Some people say that it's impossible. That these two worlds are so different that they cannot be combined. But I say they that some people need to stop limiting themselves, that believe it or not the world does include other cultures, cultures that are successful. I envy the Japanese because the people who do business with them bow and wear no shoes. I envy the the Spanish their Siesta time. I envy that Maori college in New Zealand for making all their non-native professors speak the native tongue fluently. I envy the Greeks for having free college. I envy other cultures for making Others adapt to the Original world. Because it gives this Original world credence and value and worth.

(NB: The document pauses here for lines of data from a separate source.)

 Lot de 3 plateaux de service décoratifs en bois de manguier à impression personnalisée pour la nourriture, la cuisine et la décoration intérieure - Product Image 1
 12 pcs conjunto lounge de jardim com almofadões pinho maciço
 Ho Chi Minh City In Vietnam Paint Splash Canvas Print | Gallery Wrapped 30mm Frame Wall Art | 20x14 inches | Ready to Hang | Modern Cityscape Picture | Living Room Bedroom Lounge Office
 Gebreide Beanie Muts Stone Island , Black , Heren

Without that bridge I see so much damage being done. Today I saw a comment online made about how the only reason that most young Native people have no jobs is because they are lazy drug addicts, that they lack in anything that would make them successful human beings. This comment was made by a young Native person. And I thought of all the people that I knew that had no jobs or that struggled with keeping a job and then I tried to figure out what would make this person say this comment. Where did this judgment come from? Who created the list that would make a person label others in this way? By what standard are they being judged?

I could be considered one of those judged un-successful. By western standards I'm pretty useless. I don't have a full time job. I am an artist that has never had any real important gallery showings. I've won no awards. I don't make a huge amount of money. I was rejected for every artist or business grant I ever applied for. I can't afford a shiny new car or a dishwasher. I spend way too much time doing "useless" things like camping and skin sewing and learning place names. Things that no one would pay me for, so they have no real value in the Western world.

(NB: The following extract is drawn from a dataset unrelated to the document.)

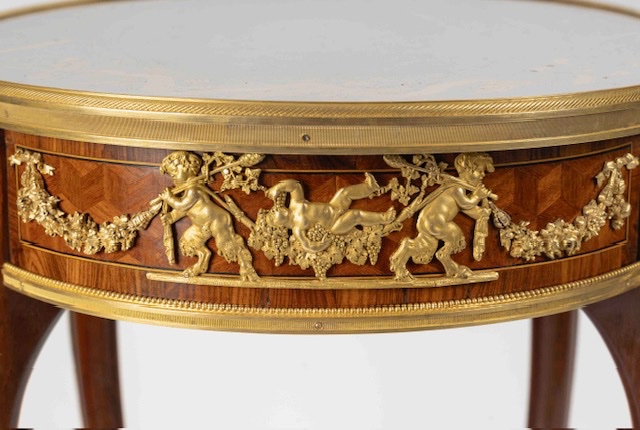 Table de salon ovale en placage de bois, style François Linke, 19ᵉ siècle-photo-2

Yet at the same time I am praised for some of the stuff I'm doing. Saving the Knowledge. Learning the Words. When I am and Elder, I will have some knowledge to pass on to those that ask. The interesting part is that when people ask me what I've been up to and I tell them what I am learning, they usually ask if I'm getting a "real" job soon. As if what I am doing is not worth much in this day and age. And I have to ask why it's not worth much. And what actions would be needed to make it worth something. How does one add something to this imaginary list?

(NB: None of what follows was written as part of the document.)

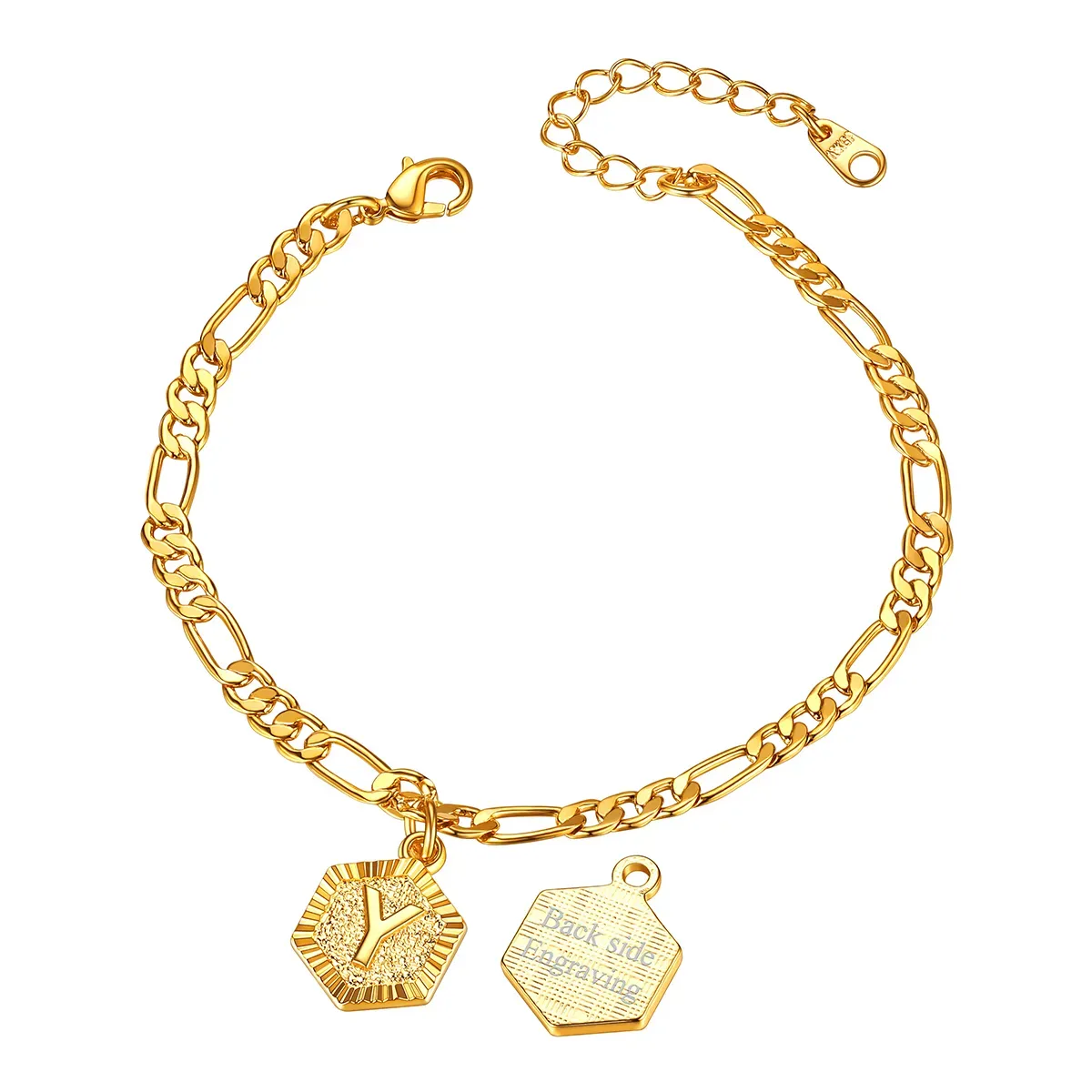 Bracelet de Cheville Personnalisé A-Z avec Chaîne Figaro pour Femme Or Y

And then I think about my husband. He works so hard to make the little amount of money we need. He gets up early. Takes his breaks and lunch. Comes home and sheds the Western world from his skin. I wish these companies would encourage his Inupiaq self. I wish so much for the man I love. For the people I love. I wish that he could be praised for his hunting skills like he is paid for his carpentry skills. That he could receive certificates for what he knows about wolves and wolverine and caribou, like the certificates he got for what he learned for Plumbing and Electrical 1. I wish someone could bridge that gap I see in him, that I see in all of us.

Yet even though our corporations and our world has Native leaders at the helm, it seems as if they believe the only way to be successful as a people is to Conform. And that to me is a dangerous place to live, hovering over this gap instead of bridging it.

I hope one day to be in a place where "work" wear is snow shirts and atigluuraqs, where the visiting lower 48 people come to us wearing our traditional clothing. I hope to be in a place where we pay hunters to take care of our Inupiaq bellies and keep the less fortunate full. I hope to be in a place where the work day is based on paying people for the job and not the hours, like in the Inupiaq world. I hope to one day be proud of a place that pays employees more if they speak Inupiaq fluently, and even pay in house tutors so that our businesses are steeped in lore. I hope to love a place that recognizes that the Inupiaq world is different, and to celebrate that difference instead of trying to hide it. I hope to be proud of a place where a young Inupiaq person will not call another young Inupiaq person less.....because of some other worlds list.

I wish....wish... that this gap would disappear.